I have been advising people I know to block, then delete and report junk (iOS) to unwanted texts. Others have argued with me that you should reply STOP. I disagree, especially after checking a shortened link in a “campaign” text and finding the link was a phishing attempt. What do you think?
It kinda depends on which platform handles their bulk messages. For example, if they are messaging you through Twilio, replying with "STOP" will cause Twilio itself to opt you out of messages (https://help.twilio.com/articles/223134027-Twilio-support-fo...), and the sender can't disable that (https://help.twilio.com/articles/360034798533-Getting-Starte...). It's kinda like how Mailchimp handles unsubscriptions for recipients, no matter what the sender wants.
However, if they're using some other carrier or rolling their own VOIP setup, etc., or sending from a toll-free number instead of a shortcode, there's no guarantee that their particular platform will honor STOP. And there's no way for you, as a recipient, to know which is which.
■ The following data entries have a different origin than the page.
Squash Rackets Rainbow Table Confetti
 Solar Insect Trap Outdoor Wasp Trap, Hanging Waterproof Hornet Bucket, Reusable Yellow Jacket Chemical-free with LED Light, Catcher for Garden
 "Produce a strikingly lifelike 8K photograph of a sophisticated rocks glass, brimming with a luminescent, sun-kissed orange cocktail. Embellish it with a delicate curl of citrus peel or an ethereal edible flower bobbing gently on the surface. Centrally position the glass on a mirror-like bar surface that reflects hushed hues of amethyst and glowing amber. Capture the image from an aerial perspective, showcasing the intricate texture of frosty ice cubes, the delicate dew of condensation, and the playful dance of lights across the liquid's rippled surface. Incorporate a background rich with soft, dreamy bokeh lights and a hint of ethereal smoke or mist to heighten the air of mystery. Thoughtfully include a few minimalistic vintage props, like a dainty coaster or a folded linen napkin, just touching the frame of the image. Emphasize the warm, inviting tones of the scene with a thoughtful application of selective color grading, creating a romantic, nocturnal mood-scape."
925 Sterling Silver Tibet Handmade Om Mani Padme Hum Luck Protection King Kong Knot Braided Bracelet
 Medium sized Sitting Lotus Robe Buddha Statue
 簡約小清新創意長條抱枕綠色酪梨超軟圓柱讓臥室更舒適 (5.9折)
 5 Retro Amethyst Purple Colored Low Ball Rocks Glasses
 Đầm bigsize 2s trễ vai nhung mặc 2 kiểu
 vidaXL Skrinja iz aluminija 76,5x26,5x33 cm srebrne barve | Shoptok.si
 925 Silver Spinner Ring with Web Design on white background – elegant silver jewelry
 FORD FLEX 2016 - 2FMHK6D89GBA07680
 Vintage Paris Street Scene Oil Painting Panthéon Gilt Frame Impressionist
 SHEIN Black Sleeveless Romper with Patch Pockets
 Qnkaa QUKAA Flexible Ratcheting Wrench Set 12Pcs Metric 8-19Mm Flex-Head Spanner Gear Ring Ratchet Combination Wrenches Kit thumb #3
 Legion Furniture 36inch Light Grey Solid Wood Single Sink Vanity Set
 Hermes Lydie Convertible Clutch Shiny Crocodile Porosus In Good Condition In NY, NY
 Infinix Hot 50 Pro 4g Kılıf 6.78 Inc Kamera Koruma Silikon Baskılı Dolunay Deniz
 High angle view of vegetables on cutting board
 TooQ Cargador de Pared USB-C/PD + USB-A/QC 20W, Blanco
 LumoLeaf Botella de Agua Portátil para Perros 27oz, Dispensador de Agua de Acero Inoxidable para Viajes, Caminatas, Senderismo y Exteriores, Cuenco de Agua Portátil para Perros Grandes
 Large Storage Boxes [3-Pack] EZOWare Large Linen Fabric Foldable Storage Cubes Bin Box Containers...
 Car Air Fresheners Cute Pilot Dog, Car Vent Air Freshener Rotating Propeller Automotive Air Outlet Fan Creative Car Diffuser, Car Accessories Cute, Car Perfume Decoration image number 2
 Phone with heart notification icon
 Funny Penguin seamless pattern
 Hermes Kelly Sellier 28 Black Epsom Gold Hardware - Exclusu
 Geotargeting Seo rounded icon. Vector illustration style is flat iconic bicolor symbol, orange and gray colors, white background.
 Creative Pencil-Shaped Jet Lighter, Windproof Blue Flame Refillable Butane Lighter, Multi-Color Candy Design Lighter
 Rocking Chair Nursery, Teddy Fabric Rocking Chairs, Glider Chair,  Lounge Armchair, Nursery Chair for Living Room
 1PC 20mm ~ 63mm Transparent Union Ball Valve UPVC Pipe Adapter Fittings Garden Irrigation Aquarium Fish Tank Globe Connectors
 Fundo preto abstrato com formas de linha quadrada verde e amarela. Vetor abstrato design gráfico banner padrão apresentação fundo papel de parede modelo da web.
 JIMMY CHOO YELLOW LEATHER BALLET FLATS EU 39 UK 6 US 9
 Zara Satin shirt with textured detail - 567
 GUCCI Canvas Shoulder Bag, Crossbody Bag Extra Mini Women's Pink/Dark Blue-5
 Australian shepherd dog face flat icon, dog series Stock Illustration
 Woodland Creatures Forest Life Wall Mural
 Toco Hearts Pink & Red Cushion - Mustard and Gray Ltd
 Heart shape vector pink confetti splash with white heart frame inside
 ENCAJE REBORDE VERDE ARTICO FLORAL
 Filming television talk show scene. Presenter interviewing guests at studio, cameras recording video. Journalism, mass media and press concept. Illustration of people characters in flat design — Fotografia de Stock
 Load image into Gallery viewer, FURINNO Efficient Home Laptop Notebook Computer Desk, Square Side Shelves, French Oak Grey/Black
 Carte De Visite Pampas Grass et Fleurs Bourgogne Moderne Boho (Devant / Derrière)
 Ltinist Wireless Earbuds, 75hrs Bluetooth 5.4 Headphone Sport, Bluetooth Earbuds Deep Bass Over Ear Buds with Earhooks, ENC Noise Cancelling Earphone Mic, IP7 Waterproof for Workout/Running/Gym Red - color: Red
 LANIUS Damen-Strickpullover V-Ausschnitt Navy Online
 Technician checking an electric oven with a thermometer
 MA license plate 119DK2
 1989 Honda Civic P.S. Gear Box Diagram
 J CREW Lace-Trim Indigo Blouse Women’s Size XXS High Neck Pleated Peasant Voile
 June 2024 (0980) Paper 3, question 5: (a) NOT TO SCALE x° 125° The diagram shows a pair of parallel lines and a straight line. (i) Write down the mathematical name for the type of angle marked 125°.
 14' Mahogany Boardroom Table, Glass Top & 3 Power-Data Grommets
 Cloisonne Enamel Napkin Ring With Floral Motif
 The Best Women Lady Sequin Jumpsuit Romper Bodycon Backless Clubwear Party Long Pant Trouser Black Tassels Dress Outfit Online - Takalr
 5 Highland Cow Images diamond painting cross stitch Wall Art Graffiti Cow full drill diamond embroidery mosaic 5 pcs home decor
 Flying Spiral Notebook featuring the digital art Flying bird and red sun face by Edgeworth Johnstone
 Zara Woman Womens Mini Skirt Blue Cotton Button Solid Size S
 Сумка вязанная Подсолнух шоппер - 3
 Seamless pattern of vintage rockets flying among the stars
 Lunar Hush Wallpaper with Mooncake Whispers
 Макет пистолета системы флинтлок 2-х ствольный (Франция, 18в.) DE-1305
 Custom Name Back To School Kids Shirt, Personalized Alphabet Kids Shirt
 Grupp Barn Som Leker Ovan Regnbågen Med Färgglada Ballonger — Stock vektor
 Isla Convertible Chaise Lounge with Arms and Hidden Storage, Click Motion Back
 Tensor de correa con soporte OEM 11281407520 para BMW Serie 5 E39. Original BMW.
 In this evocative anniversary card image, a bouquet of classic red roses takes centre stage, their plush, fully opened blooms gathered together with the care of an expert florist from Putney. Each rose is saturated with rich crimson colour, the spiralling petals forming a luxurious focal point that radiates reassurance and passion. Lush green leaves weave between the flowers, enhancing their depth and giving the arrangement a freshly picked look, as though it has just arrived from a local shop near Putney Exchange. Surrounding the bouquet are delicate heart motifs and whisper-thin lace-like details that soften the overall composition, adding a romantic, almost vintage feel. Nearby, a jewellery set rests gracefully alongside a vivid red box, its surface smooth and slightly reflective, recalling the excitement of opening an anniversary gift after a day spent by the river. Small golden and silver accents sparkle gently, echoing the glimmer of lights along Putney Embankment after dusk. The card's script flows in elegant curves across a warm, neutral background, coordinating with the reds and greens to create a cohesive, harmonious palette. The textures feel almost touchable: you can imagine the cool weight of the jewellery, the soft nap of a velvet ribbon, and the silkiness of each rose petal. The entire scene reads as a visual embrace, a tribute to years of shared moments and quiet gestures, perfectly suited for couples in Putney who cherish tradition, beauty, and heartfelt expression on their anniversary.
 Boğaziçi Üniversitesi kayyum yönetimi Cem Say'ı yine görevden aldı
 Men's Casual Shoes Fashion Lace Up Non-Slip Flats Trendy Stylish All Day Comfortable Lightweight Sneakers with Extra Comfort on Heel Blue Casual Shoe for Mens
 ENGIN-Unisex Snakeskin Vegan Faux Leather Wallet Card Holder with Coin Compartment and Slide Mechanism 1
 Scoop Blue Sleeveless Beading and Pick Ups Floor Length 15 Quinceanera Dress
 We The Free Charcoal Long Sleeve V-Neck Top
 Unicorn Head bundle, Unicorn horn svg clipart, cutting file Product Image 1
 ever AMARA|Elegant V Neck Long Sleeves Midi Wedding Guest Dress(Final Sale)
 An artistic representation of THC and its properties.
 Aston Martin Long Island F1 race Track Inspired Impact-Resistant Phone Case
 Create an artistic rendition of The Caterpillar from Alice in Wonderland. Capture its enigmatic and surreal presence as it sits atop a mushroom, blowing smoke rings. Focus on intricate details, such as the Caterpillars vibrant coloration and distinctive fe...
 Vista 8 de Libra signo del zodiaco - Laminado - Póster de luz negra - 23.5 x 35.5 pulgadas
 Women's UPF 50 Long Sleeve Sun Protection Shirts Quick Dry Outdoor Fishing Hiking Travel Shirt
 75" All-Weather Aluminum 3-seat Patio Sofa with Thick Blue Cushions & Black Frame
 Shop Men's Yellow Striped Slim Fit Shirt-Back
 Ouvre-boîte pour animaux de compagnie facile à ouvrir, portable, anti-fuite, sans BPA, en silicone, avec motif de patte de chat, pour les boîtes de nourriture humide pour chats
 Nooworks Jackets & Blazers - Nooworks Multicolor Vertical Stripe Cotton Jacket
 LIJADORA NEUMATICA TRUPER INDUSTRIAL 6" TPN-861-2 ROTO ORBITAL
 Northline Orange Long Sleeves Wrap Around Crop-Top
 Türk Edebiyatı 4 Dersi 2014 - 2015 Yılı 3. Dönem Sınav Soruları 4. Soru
Generally I will reply STOP if it's something I know I signed up for but no longer want. Things I never signed up for just get reported as spam and I don't reply.
I often use the “Report junk” button on iOS but after spending years being bombarded with political SMS messages that I didn’t sign up for (always addressed me by the wrong name, and I’ve had my number for well over 20 years) I finally got relief.
I found out which provider was sending the SMS and contact their abuse line (I would reply STOP but they would just send from a different phone number) and got the name of the customer who was sending the messages. I then contacted that company and got them to blacklist my number (they were a company for sending political sms only, I have no worries about needing to get an sms they would send).
I now get 1-2 political spam messages a month, if that, and I’ve been too lazy to hunt down the source of the few remaining spammers. It went from 2-3 a day to 1-2 a month, huge relief.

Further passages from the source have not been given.